I still have to be the filter - the LLM is happy to bullshit you - but that's not really a sea change from trying to Google around to figure out a problem. LLMs seem like an overall upgrade to that specific process of engineering to me, and that's a pretty useful tool!
Keep in mind that Google's results are also much worse than they used to be.
I'm using both Kagi & LLM; depending on my need, I'll prefer one or the other.
Maybe I can access the same result with a LLM, but all the conversation/guidance required is time-consuming than just refining a search query and browsing through the first three results.
After all the answer is rarely exactly available somewhere. Reading people's questions/replies will provide a clues to find the actual answer I was looking for.
I have yet been able to achieve this result through a LLM.
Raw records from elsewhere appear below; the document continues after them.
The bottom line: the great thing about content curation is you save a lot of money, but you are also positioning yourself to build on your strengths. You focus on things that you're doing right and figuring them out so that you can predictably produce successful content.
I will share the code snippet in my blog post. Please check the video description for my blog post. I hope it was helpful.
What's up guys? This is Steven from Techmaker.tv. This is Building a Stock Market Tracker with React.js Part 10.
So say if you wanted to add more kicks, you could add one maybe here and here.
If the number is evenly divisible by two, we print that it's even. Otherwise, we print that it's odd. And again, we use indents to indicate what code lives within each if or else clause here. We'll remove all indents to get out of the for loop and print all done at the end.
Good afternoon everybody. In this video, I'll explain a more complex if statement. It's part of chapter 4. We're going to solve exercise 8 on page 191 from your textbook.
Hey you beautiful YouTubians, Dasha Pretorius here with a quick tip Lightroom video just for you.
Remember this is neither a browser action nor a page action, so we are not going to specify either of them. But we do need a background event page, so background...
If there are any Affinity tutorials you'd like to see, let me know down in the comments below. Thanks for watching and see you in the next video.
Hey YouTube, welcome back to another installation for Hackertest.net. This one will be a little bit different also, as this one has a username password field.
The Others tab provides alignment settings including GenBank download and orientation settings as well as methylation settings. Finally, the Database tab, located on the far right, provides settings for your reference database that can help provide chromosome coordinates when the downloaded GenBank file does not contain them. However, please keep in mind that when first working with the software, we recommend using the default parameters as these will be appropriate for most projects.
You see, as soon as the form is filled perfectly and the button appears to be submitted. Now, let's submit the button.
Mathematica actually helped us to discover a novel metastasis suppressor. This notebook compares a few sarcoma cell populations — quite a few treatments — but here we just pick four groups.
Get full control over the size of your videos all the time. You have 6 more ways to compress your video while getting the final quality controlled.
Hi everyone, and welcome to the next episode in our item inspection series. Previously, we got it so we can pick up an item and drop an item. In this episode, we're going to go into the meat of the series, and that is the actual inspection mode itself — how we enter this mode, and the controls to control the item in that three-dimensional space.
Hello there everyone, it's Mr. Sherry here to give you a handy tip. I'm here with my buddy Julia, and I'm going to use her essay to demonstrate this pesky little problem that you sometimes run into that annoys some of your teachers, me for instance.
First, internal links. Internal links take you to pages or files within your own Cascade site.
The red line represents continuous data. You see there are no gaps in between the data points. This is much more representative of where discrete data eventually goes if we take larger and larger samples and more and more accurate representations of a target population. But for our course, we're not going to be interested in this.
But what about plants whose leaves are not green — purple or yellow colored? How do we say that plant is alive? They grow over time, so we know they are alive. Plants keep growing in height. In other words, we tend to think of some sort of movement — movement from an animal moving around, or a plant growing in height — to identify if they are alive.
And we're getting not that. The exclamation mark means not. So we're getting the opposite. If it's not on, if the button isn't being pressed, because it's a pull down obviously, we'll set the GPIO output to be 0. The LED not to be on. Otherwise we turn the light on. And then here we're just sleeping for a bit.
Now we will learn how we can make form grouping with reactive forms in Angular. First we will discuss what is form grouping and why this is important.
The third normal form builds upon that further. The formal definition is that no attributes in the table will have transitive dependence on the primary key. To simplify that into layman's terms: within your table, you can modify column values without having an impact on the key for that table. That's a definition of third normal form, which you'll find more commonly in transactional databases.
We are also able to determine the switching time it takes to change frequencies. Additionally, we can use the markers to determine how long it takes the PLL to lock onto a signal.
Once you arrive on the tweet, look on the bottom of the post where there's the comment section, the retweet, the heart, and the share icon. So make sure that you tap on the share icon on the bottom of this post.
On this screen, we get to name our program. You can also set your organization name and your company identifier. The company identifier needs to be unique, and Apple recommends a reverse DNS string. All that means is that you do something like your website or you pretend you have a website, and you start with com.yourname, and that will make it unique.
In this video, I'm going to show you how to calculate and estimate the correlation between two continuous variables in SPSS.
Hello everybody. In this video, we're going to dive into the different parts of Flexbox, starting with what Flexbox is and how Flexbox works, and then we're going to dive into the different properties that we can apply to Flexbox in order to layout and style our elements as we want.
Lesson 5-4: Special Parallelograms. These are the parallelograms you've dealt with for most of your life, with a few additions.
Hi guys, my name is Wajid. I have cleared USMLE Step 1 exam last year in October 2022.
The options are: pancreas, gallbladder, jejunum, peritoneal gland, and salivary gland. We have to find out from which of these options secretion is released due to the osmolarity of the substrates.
> E.g. you define it in steps, and in the function line out each step. This also helps your own thinking
Yeah but there are other ways to think through problems, like asking other people what they think, which you can evaluate based on who they are and what they know. GPT is like getting advice from a cross-section of everyone in the world (and you don’t even know which one), which may be helpful depending on the question and the “people” answering it, but it may also be extroadinarily unhelpful, especially for very specialized tasks (and specialized tasks are where the profit is).
Like most people, I have knowledge of things very specific I know that less than a 100 people in the world know better than me, but thousands or even millions more have some poorly concieved general idea about it.
If you asked GPT to give you an answer to a question it would bias those millions, the statistically greater quantative solution, to the qualitative one. But, maybe, GPT only has a few really good indexes in its training data that it uses for its response, and then its extremely helpful because its like accidentally landing on a stackoverflow response by some crazy genius who reads all day, lives out of a van in the woods, and uses public library computers to answer queries in his spare time. But that’s sheer luck, and no more so than a regular search will get you.
I think the problem you're describing is not due to distractions and social media.
I think the fault there is that school has changed, kids aren't taught to be allowed to make mistakes. If you're not taught that failure is part of learning, then you're just teaching kids to build anxiety because they are not allowed to fail.